A lot of the actions performed by the JVM during the start up and ramp up phases will be the same every time. As developers we are taught we should try to reuse code where possible and the lesson of reuse would apply here as well. Class sharing works by allowing a JVM to write to a common location; compiled code and optimizations, that can then be used by other JVMs. Two great design choices in how this feature is implemented are there isn’t neither a leader/follower concept nor will a JVM require a shared cache to be present. This removes points of failure where a JVM unexpectedly stopping or a shared cache being deleted, will not cause other JVMs to crash or fail at startup.

Class sharing can reduce CPU utilization, as compilations and optimizations are CPU intensive, as well as the aforementioned improved performance around startup and ramp up. For more information on class sharing check out this article. If you are interested in using class sharing in a (Docker) containerized environment, check out this article I wrote that looks at a couple of strategies on how to implement class sharing in a containerized environment.

#3 OpenJ9 is Free to Use

OpenJ9 is licensed under the Eclipse Public License 2.0 and Apache License 2.0 licenses, which means you can run your Java workloads in production on OpenJ9 without paying a penny in licensing costs. With the shockwaves and confusion still reverberating around the Java world from Oracle’s recent changes to how it licenses the commercial OracleJDK, having options for running Java where you can have total confidence that you don’t have a potential lawsuit looming in the future over unpaid licensing costs can be very comforting.

For more information on OpenJ9’s license, you can view it here under OpenJ9’s Github repository.

#4 Commercial Support is Available

Free to use is great if you are a start up and running on a limited budget or in the proof of concept phase (such as proving the concept of using OpenJ9 😉). However if your organization’s assets values in the millions, billions, or even trillions, saving thousands a month in licensing cost doesn’t make much sense if you are giving up the peace of mind that commercial support offers.  To that end IBM offers commercial support for OpenJ9. You can read more about the support IBM provides and support cost here.

#5 Switching is Really Easy

So what does it take to switch to OpenJ9?

Refactoring your code to use OpenJ9 concepts?

Recompiling and redeploying all your Java applications to run in an OpenJ9 environment?

The answer is neither. Java is actually an API that is defined by the Java Language Specification (JLS). OpenJ9 is built to be compatible with the Java API as specified in the JLS, here is the JLS for Java 12, and so is capable of running any Java code without any special requirements. The demo I referenced in my first point is actually running the exact same Java artifact in all the containers. If compatibility with running Java artifacts wasn’t enough, OpenJ9 even offers migration support for Hotspot JVM arguments.

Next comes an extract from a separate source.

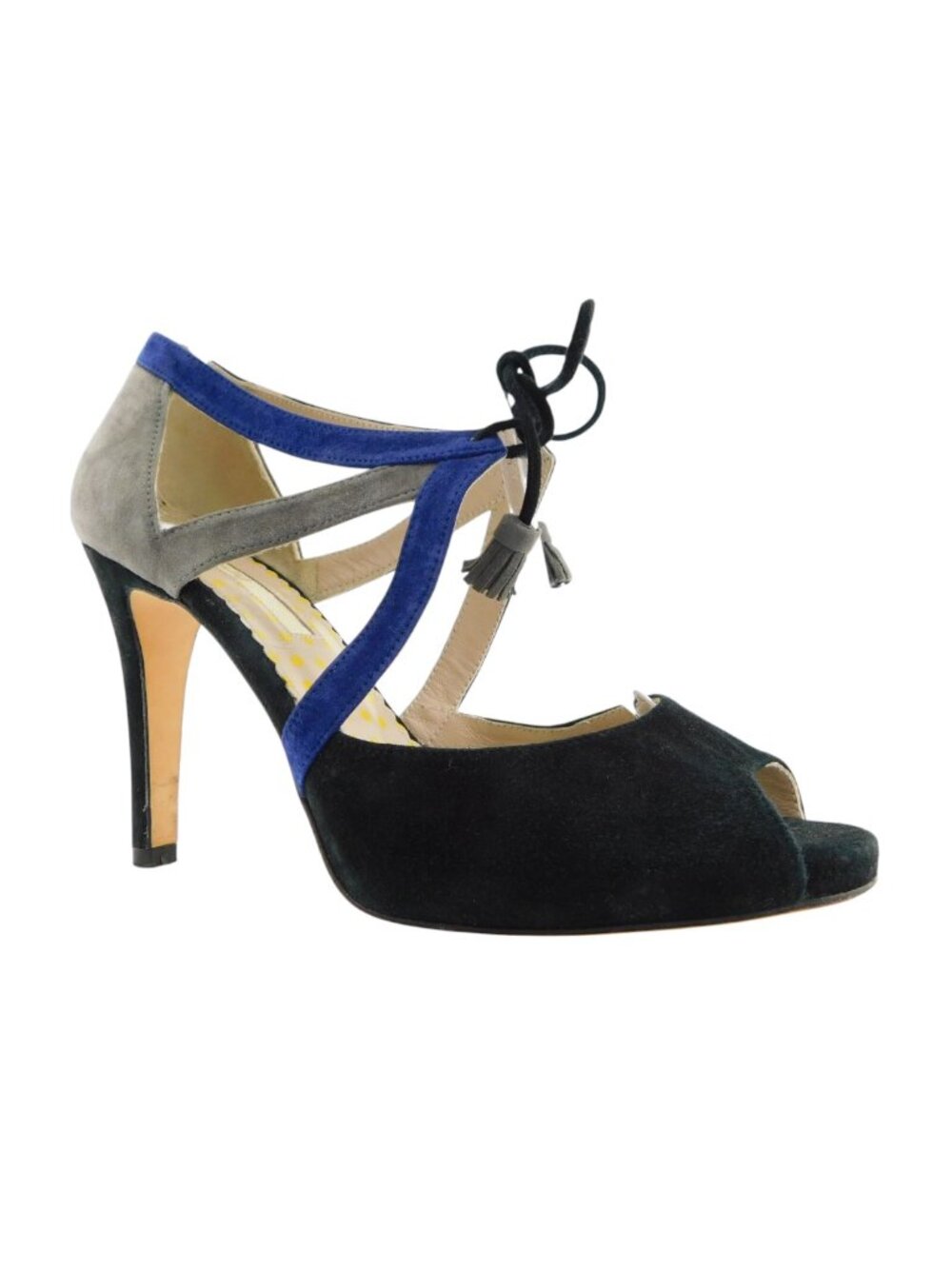 BODEN Black Gray Blue Suede Leather Tassel Tie Ankle Caged Heel Pumps 39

But if this is enough for you, check out these testimonials from real users of OpenJ9:

openj9-testimonial.png

Conclusion

As a developer my experience and interactions with JVMs has mostly been limited to executing java -jar . From my perspective the JVM was just something to run my Java applications, I didn’t really care how. I became immediately interested by OpenJ9 however because it had such readily apparent and accessible advantages over other JVMs. This article only scratches the surface of what OpenJ9 has to offer and our IBM Runtimes team is hard at work on improving and adding new features to OpenJ9.